HOW TO COMPLETE THIS TASK:
When you copy from the entries that follow, take only the lines from the one with "Cách Chơi Nổ" down to the one with "terechtzitting: een bijeenkomst", keeping both ends and dropping every picture.

#### MATERIAL SUPPLIED ####

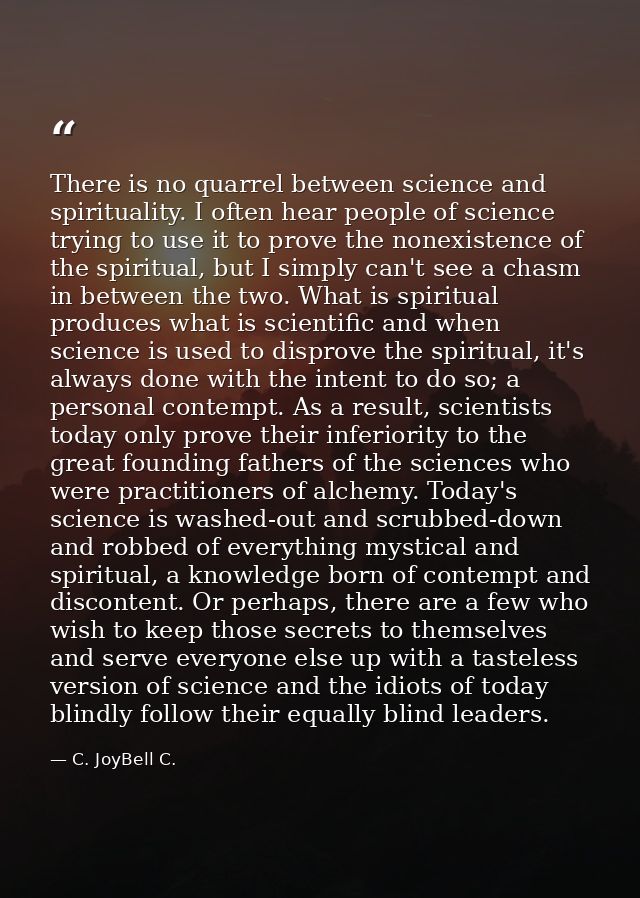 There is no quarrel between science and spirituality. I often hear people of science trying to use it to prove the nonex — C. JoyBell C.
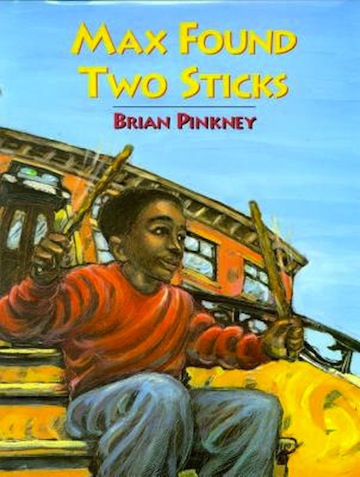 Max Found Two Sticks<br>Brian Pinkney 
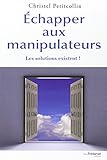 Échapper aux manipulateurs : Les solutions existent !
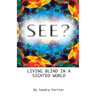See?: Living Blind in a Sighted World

####
#### MATERIAL SUPPLIED ####

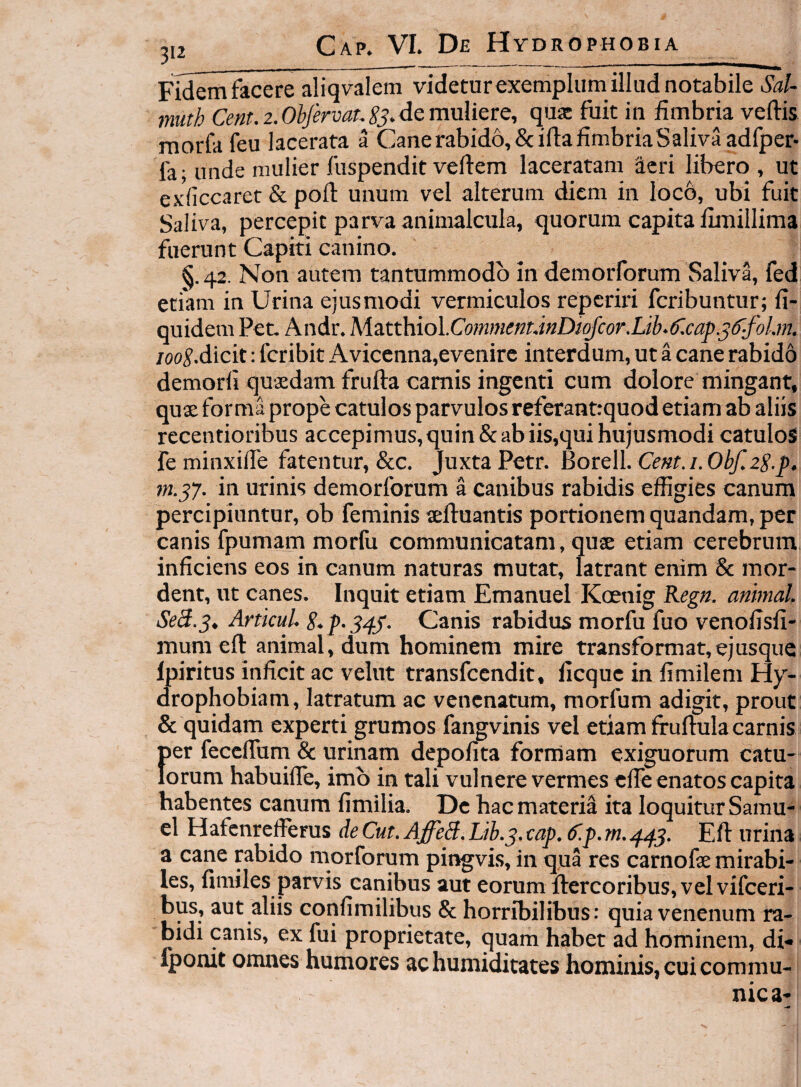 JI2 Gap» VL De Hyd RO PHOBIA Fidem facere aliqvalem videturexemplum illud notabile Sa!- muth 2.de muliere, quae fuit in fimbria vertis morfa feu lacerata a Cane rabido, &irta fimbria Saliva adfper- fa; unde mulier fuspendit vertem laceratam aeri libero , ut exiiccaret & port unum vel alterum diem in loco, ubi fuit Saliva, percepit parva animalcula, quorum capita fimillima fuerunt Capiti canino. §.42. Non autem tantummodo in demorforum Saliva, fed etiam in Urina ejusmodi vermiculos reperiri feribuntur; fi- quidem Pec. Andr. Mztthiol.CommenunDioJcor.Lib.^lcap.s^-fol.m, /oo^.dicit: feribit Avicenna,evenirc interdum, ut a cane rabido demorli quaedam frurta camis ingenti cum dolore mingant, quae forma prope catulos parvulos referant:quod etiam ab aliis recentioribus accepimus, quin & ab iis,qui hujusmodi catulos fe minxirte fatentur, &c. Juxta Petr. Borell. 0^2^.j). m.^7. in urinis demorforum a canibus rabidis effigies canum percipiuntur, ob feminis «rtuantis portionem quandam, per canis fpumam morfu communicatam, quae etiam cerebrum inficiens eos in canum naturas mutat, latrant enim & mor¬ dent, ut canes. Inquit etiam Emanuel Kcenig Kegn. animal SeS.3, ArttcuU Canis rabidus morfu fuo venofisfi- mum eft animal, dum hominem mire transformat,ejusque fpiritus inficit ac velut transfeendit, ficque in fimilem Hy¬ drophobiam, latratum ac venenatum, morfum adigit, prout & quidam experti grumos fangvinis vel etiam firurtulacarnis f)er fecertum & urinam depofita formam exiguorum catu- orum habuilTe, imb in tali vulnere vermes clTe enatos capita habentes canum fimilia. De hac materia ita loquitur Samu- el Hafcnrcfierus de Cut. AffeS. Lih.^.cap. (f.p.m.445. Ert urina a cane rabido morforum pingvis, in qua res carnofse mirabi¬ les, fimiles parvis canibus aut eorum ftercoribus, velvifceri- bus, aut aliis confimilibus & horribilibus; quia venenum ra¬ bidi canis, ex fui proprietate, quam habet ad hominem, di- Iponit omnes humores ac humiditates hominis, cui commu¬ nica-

####
#### MATERIAL SUPPLIED ####

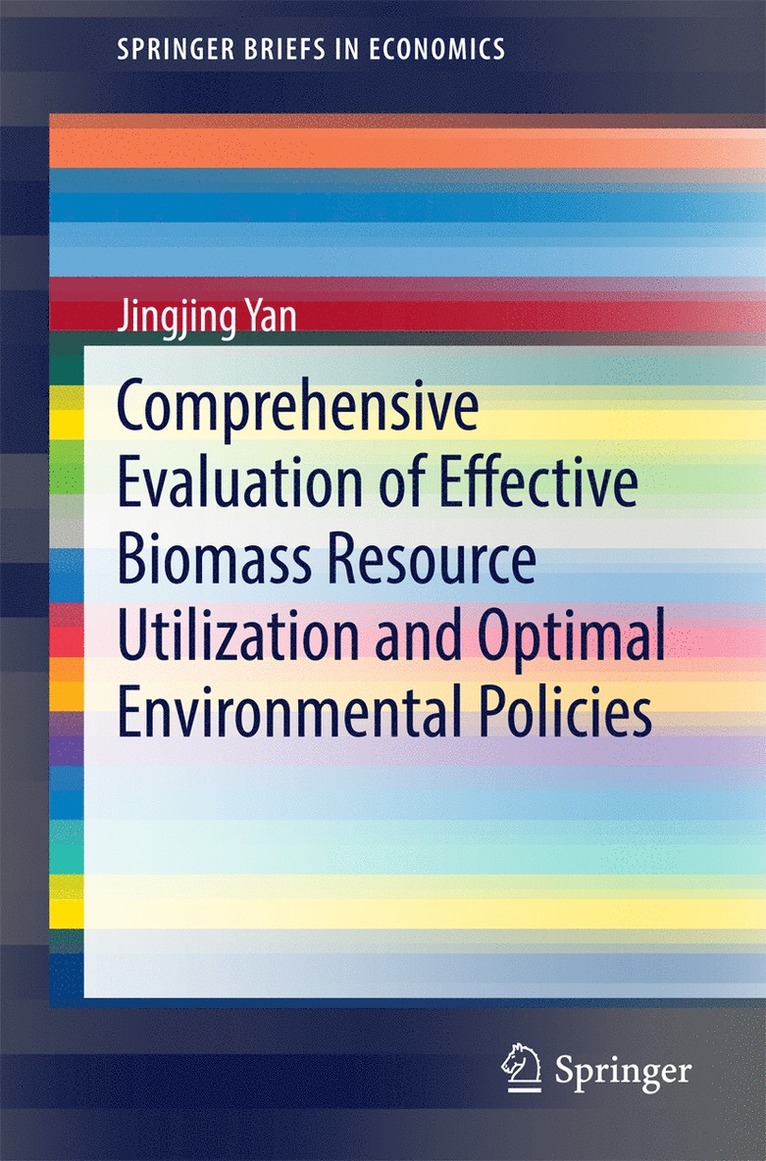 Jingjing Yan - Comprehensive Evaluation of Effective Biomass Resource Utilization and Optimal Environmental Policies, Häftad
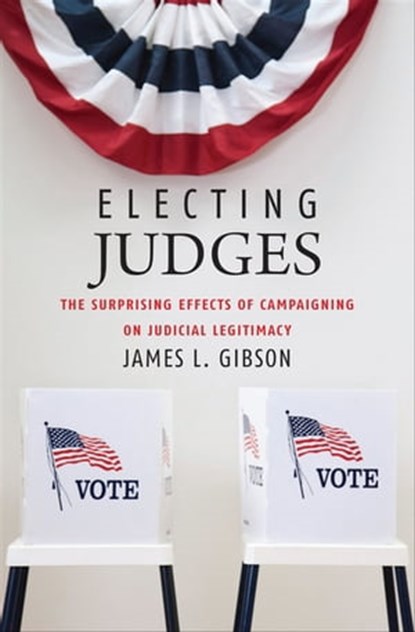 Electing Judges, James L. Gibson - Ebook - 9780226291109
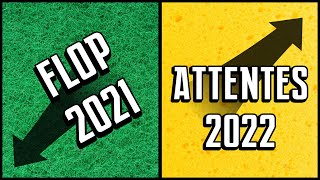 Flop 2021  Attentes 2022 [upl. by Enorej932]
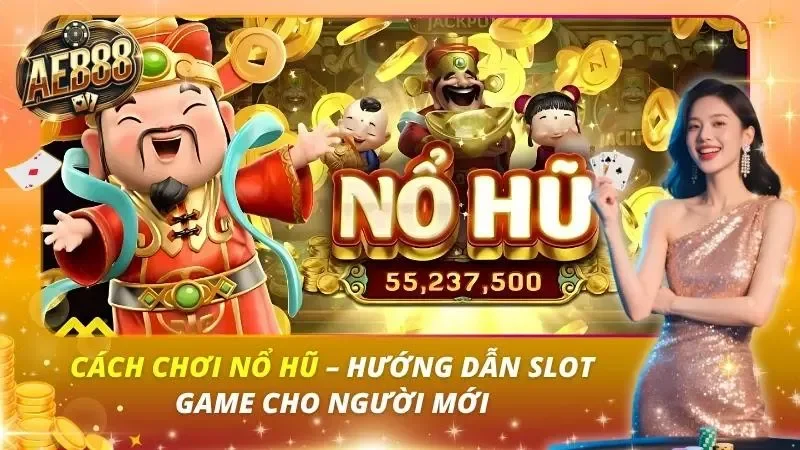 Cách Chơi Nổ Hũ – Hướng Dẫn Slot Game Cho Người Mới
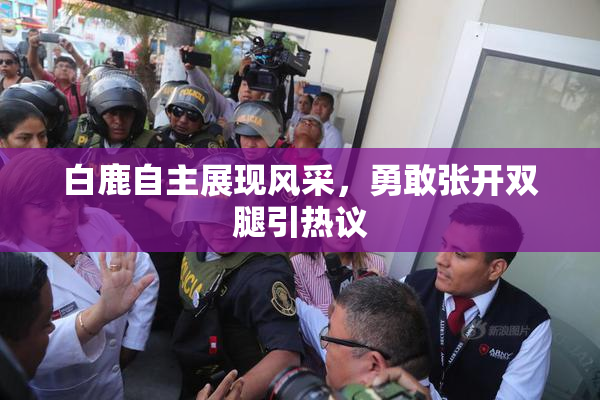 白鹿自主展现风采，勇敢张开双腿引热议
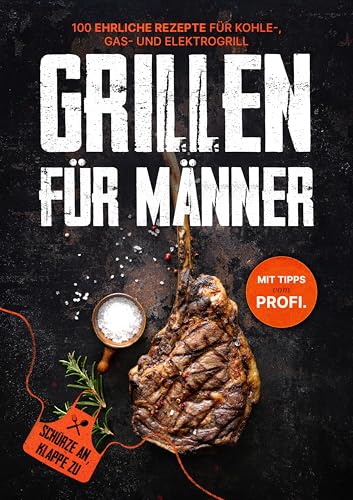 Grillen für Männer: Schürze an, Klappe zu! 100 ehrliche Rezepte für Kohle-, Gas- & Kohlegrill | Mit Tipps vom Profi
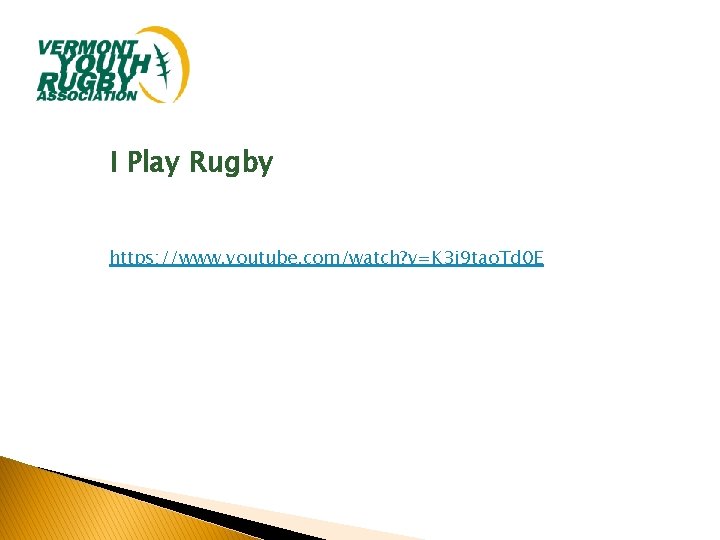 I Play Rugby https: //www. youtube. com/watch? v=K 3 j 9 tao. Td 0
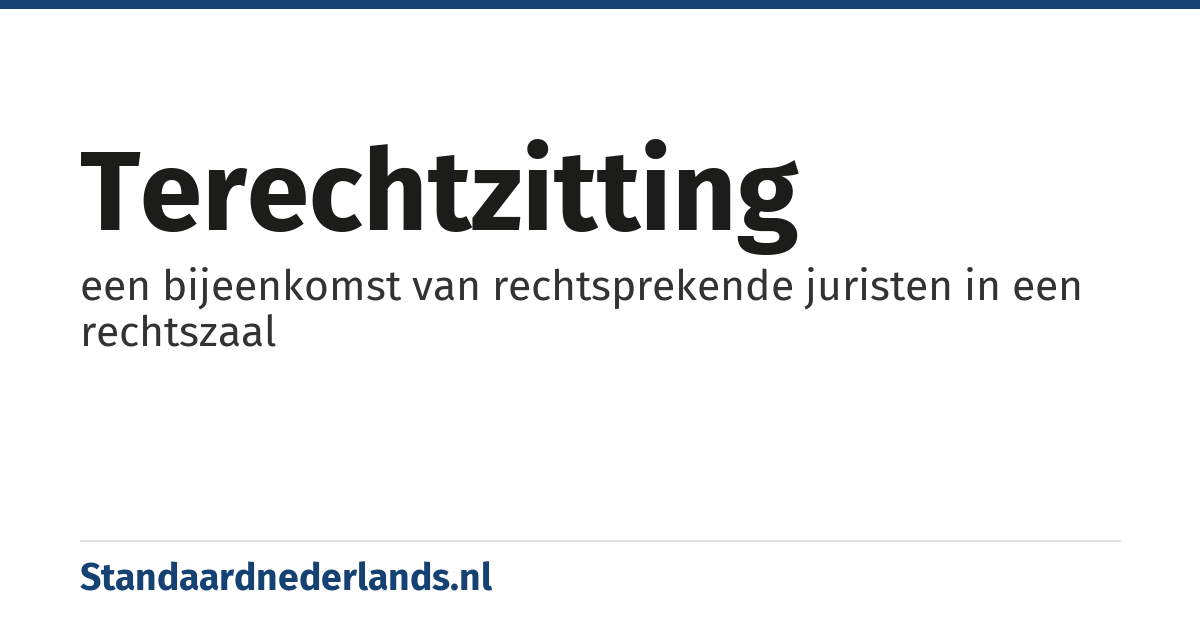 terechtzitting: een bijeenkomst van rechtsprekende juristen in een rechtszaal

####

SOLVED EXERCISE:
 Cách Chơi Nổ Hũ – Hướng Dẫn Slot Game Cho Người Mới
 白鹿自主展现风采，勇敢张开双腿引热议
 Grillen für Männer: Schürze an, Klappe zu! 100 ehrliche Rezepte für Kohle-, Gas- & Kohlegrill | Mit Tipps vom Profi
 I Play Rugby https: //www. youtube. com/watch? v=K 3 j 9 tao. Td 0
 terechtzitting: een bijeenkomst van rechtsprekende juristen in een rechtszaal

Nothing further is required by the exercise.